Kementerian Pendidikan mengklaim bahwa PPG adalah bagian dari upaya meningkatkan kompetensi dan profesionalisme guru, namun ketentuan yang menyertainya justru mempersulit banyak guru yang telah lama berpengalaman. Guru yang telah mengabdi lebih dari lima tahun, meski telah memiliki pengalaman bertahun-tahun, tetap diwajibkan melalui PPG untuk mendapatkan Serdik.
Begitu mereka berhasil mendapatkan Serdik, mereka masih harus memenuhi syarat mengajar 24 jam per minggu untuk bisa memperoleh Tunjangan Profesi Guru (TPG). Ironisnya, di sekolah-sekolah yang memiliki jumlah kelas dan jam pelajaran terbatas, seperti guru agama yang hanya mendapatkan 3 jam pelajaran per minggu, perjuangan untuk memenuhi syarat ini malah menciptakan persaingan antar guru. Guru yang telah menerima Serdik berlomba mencari tambahan jam demi memenuhi syarat 24 jam, sementara kelas dan mata pelajaran terbatas. Alhasil, guru terjebak dalam kecemasan mengejar jam mengajar, bukan lagi fokus pada kualitas pengajaran. Kebijakan ini bukan hanya memberatkan, tetapi juga melemahkan motivasi mengajar.
Apakah program PPG dan Serdik benar-benar dirancang untuk meningkatkan mutu pendidikan, ataukah sekadar aturan administratif tanpa mempertimbangkan realitas lapangan?
Administrasi Rumit Menambah Beban, Fokus Mengajar Tergadaikan
Bukan hanya proses PPG yang panjang, administrasi yang berlebihan juga menyita waktu guru.

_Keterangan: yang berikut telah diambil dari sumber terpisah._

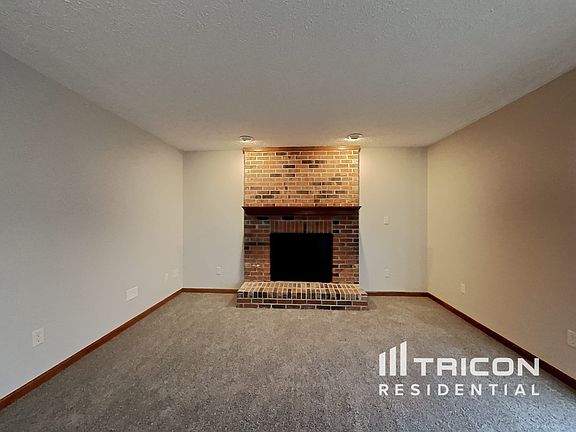 4th image of 5551 Vicksburg Dr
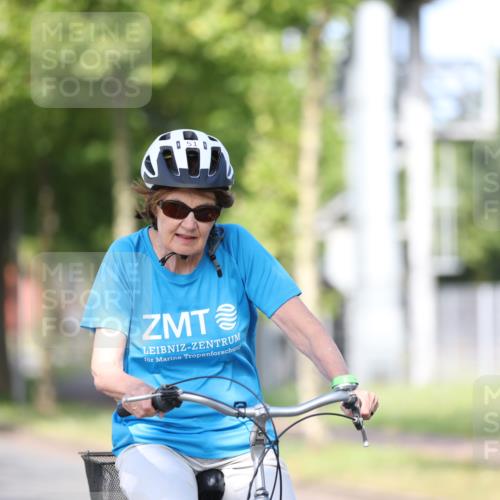 10.08.2025 - GEWOBA Citytriathlon Bremen Yannick Fuchs http://msf.ph/oto/8543057 10.08.2025 10:43:26 Radfahren 27, 51, 53, 361, 415, 422 meine-sportfotos.de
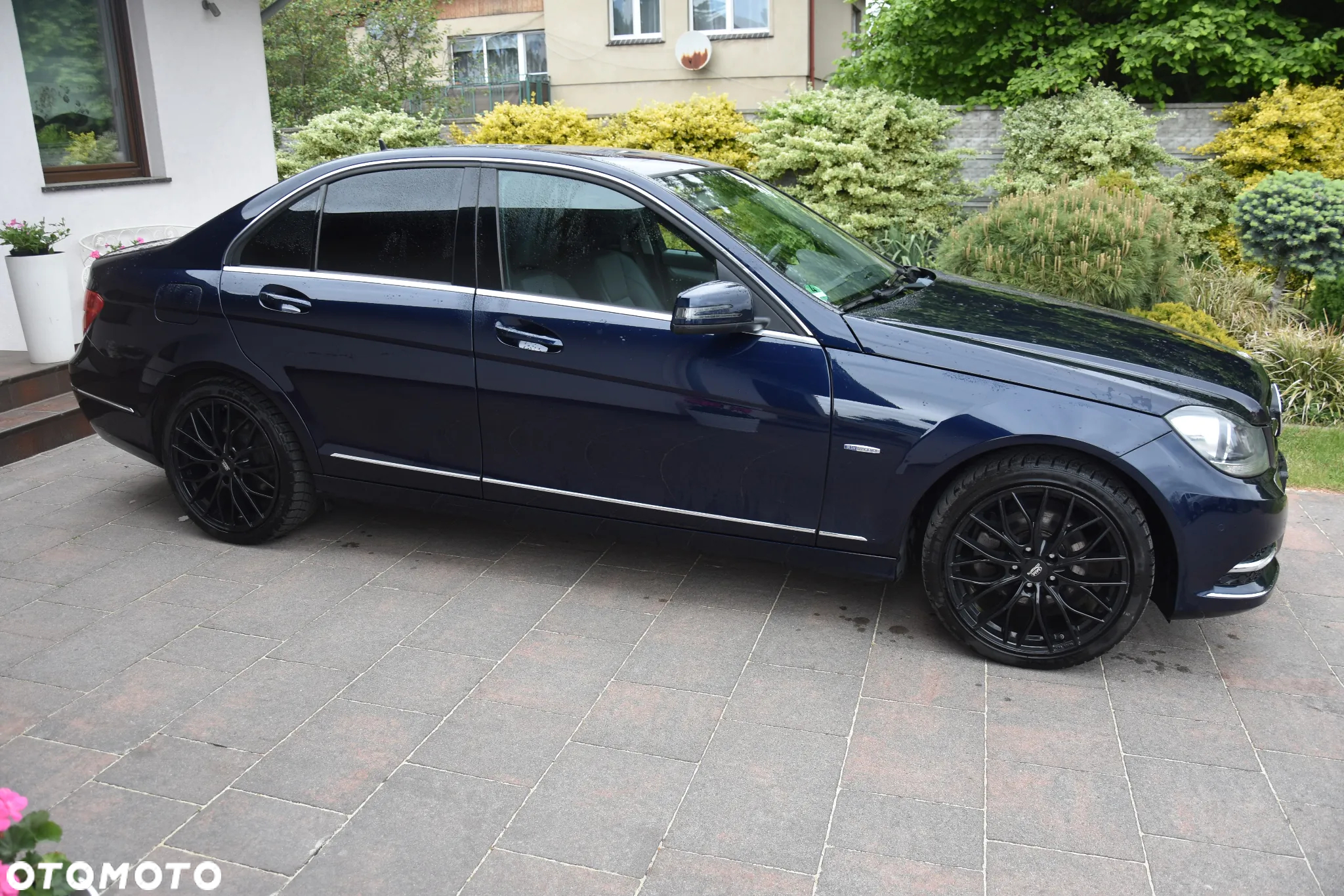 Mercedes-Benz Klasa C 200 CGI BlueEff Avantgarde - 10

Dapodik, yang awalnya diharapkan menjadi sistem administrasi terpadu, malah membuat urusan administratif makin kompleks. Pendaftaran Nomor Unik Pendidik dan Tenaga Kependidikan (NUPTK) yang seharusnya dapat diurus melalui Dapodik, nyatanya justru memiliki jalur terpisah yang menyulitkan. Banyak guru yang mengajar bertahun-tahun, bahkan satu dekade, belum juga memperoleh NUPTK mereka. Contoh kasus guru yang mengajar sejak 2013 namun baru mendapatkan NUPTK di usia 56 tahun pada 2024 adalah potret nyata buruknya tata kelola administrasi ini. Jika aksesibilitas dan transparansi Dapodik tak mampu menyederhanakan sistem, apa artinya investasi dalam digitalisasi pendidikan selama ini?Para guru bukan hanya terjebak dalam belitan administrasi Dapodik, mereka juga dibebani oleh kewajiban pengumpulan bukti dan dokumen yang rumit hanya demi memperoleh TPG. Akibatnya, waktu yang seharusnya mereka alokasikan untuk memperkaya pengalaman belajar siswa habis tersita oleh berbagai tuntutan administratif.

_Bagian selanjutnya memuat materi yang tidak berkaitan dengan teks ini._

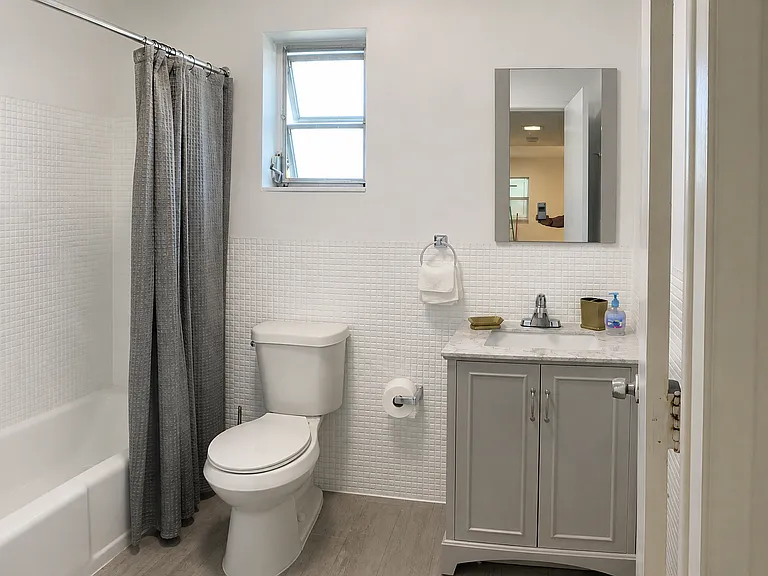 1825 Johnson St #107 — Photo 10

Menghentikan Kebijakan yang Memalingkan Fokus Guru dari Siswa
kompasiana.com |
Jika Kementerian Pendidikan benar-benar peduli terhadap kualitas pendidikan, maka kebijakan yang memberatkan dan merumitkan urusan administratif guru harus direvisi. Mengingat bahwa fokus utama guru adalah mendidik siswa, segala aturan yang memaksa mereka mengalihkan perhatian pada administrasi atau persaingan jam mengajar malah berpotensi mengorbankan kualitas pembelajaran siswa. Saat ini, guru terlalu banyak disibukkan oleh urusan kesejahteraan melalui jalur administrasi yang ribet. Bukankah lebih baik jika kesejahteraan guru dikaitkan langsung dengan status mereka sebagai pendidik yang telah memenuhi persyaratan dasar, bukan melalui tes-tes tambahan yang menyulitkan?
Membangun Sistem yang Berpihak pada Guru dan Pendidikan
Kesejahteraan guru seharusnya dirancang untuk mendukung peran mereka sebagai pendidik, bukan dengan persyaratan yang kaku dan administrasi yang berbelit-belit. Kebijakan yang berpihak pada guru akan menciptakan lingkungan pendidikan yang kondusif di mana guru ikhlas bekerja, mengajar dengan tenang, dan fokus pada siswa. Jika Kementerian Pendidikan serius ingin mengangkat kualitas pendidikan, maka langkah utama adalah menghilangkan birokrasi yang tidak perlu dan memberikan dukungan penuh pada kesejahteraan guru.Dengan membenahi sistem yang memihak guru, kita membuka pintu bagi pendidikan yang lebih berkualitas di mana guru dapat memberikan yang terbaik bagi siswanya. Sudah saatnya Kementerian Pendidikan memikirkan kebijakan yang benar-benar pro-guru agar siswa, yang merupakan penerus bangsa, bisa belajar dengan baik dan sepenuh hati.